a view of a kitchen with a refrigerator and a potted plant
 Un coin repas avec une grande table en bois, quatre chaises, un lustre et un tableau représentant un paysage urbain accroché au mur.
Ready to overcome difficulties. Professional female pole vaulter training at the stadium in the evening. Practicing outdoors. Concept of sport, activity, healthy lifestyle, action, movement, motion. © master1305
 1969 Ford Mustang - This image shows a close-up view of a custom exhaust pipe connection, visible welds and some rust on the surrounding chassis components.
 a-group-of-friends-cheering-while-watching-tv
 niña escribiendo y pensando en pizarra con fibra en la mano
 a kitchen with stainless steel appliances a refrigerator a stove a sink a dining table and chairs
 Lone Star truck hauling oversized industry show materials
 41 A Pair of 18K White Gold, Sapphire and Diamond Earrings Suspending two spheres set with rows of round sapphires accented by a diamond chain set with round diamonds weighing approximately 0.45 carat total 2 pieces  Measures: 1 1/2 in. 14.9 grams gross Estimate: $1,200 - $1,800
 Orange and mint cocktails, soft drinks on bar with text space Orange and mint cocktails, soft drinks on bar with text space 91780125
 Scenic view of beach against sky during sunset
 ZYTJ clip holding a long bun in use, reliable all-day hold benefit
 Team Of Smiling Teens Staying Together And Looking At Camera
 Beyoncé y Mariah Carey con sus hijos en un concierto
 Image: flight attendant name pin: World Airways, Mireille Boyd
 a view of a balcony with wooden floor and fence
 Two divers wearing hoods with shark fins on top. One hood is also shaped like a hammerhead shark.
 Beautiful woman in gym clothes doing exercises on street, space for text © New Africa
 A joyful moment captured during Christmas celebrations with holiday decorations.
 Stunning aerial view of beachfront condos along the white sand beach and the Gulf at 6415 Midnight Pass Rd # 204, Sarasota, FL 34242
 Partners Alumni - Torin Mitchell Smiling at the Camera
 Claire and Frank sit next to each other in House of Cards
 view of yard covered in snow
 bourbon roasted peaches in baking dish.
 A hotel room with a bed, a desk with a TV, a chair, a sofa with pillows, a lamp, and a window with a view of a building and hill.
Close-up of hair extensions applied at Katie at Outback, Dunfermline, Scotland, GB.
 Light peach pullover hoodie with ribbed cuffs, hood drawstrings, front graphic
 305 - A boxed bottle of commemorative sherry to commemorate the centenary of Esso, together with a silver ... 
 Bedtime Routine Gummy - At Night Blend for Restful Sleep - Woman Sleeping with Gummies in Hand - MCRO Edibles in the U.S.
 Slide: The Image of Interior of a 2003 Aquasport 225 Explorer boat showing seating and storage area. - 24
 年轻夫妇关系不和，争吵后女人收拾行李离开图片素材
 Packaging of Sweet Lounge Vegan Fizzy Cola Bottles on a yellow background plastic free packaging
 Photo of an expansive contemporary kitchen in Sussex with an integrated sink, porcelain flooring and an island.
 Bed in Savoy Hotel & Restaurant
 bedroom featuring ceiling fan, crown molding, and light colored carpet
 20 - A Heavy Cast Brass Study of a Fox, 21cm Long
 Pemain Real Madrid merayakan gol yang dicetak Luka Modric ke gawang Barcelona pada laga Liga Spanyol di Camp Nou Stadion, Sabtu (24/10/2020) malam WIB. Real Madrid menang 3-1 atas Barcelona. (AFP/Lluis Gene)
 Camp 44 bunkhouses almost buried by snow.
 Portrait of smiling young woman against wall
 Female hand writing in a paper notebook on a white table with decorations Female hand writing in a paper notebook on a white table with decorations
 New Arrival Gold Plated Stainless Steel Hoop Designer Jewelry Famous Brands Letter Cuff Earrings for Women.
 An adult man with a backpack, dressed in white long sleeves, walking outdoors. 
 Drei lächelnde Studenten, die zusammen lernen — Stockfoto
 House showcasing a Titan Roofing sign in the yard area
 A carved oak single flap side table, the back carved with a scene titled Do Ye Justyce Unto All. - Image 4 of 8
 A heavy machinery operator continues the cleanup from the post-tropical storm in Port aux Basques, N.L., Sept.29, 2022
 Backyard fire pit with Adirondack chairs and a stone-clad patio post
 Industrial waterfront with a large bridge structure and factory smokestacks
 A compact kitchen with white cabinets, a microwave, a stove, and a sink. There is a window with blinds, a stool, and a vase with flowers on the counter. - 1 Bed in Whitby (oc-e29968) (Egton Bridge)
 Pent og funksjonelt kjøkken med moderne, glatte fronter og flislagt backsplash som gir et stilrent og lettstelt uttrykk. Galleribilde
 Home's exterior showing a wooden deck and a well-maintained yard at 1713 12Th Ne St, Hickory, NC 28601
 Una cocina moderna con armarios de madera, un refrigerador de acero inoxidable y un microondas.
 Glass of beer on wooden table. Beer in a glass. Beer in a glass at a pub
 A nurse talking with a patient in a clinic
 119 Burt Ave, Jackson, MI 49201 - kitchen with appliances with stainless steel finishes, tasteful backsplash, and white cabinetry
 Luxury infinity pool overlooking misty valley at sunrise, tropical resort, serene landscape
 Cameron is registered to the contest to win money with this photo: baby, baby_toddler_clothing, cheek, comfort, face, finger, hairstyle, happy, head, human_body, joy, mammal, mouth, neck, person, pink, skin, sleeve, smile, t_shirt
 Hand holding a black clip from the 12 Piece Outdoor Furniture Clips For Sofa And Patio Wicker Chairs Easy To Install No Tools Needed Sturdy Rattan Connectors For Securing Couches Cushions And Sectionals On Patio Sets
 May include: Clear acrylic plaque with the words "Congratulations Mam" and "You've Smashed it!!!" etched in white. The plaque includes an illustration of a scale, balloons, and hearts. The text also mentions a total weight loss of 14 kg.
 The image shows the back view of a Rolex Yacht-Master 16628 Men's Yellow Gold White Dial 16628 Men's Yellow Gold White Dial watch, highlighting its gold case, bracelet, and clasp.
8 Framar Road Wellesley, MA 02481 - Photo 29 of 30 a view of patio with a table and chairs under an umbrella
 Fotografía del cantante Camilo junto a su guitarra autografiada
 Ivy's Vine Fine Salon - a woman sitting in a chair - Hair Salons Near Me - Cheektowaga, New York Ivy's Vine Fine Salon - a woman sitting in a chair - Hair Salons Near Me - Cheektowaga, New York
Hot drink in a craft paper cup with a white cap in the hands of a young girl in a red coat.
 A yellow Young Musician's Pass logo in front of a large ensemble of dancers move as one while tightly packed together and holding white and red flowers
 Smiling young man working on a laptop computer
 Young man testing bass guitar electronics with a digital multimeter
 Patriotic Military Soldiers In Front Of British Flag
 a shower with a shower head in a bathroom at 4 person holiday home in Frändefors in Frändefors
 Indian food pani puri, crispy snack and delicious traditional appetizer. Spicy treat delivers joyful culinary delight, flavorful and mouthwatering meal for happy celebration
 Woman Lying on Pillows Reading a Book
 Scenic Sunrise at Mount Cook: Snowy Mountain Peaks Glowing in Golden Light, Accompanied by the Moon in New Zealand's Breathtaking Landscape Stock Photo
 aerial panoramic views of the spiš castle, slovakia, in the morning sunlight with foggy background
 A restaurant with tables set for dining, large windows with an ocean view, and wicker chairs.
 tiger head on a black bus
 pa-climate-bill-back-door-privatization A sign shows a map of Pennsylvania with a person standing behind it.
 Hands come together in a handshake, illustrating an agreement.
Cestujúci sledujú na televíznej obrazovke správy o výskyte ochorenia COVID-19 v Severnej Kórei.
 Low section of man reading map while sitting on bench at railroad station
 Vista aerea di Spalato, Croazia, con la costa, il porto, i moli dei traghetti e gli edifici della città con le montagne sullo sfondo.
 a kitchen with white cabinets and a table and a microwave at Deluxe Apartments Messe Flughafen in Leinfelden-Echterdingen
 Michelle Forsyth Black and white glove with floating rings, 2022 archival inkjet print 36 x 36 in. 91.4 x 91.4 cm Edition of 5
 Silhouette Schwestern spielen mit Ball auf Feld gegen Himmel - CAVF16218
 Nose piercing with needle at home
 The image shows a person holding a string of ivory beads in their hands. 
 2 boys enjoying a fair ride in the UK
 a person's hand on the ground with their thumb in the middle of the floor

TASK GOAL →
Go through the records above and copy every line with the word "microwave".

SOLUTION →
 A compact kitchen with white cabinets, a microwave, a stove, and a sink. There is a window with blinds, a stool, and a vase with flowers on the counter. - 1 Bed in Whitby (oc-e29968) (Egton Bridge)
 a kitchen with white cabinets and a table and a microwave at Deluxe Apartments Messe Flughafen in Leinfelden-Echterdingen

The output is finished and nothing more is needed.